しかし、私が團伊玖磨さんの妹さんである西尾先生と事業をしていることを知った笹川平和財団の幹部が、私を利用して團伊玖磨さんに近づく、という事件があったのだ。

その財団幹部が團先生が現れる場所を調べ上げて私を連れて行き「この子(当時私は32歳位)は妹さんと太平洋島嶼国の事業をしているんですよ」と紹介された。私はその時まで團氏に会ったことはない。一瞬何が起こっているのか理解できなかった。團先生から西尾先生に電話されたのかもしれない。詳細は覚えていないのだが、すぐに西尾先生から私に電話があった。その内容は衝撃的だった。

「その人を絶対兄に近づけないで。その人は信用できない人よ。兄を守って。」

いったいどうすれば團伊玖磨氏を、その詐欺師のような財団幹部から守れるか?私が構築した信頼関係はこのように利用されるのか?あの時の衝撃と頭の混乱はまだ覚えている。

團氏も太平洋の島々や沖縄に強い関心を持たれていた。私は当時自分が実施していた八重山諸島での事業「やしの実大学」の話をしたりして、團さんと接点を維持し、その財団幹部が入り込む隙をなくす努力をしたのだ。これはうまく行った。初めて明かす事である。

私の友人が團家のご家族の親友だった事もあり、しばらく交流は続いた。ご家族に八重山の事業にご参加いただいた事もある。

作曲家として團伊玖磨氏しか知らなかった私は『パイプの煙』を読んで、團さんの思想や島への思いを理解しようと努力した。そこに血盟団事件で暗殺された團琢磨氏の話も出て来て、はじめて近現代史に関心を持つことにもなった。テレビ番組でポナペにも訪ねたことを團先生から直接伺った。私が当時から関与し、発信していた太平洋や沖縄情報に関心を持っていただいた。

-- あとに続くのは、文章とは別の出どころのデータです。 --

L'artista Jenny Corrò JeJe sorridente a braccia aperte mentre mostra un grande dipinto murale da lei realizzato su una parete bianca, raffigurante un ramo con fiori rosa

今思うと貴重な経験だったが、さらなる嫉妬や妬みも多く経験することとなった。

華族だった西尾先生の周辺は一歩も二歩も引いてしまうような人々がいた。通われた学習院の同窓は上皇陛下、オノヨーコ、松本重治のご子息。。西尾先生からお話いただいたこれらの方達との交流は書いても差し支えないような気がするが、今は書かないでおく。

西尾先生からは調査研究が終了しても麻布の満腹亭に呼んでいただき太平洋の話をよく聞かれた。ある時、寛子先生が教えてくれたのだが、西尾さんは当時の天皇陛下によく呼ばれて太平洋の島々の話をされていたそうだ。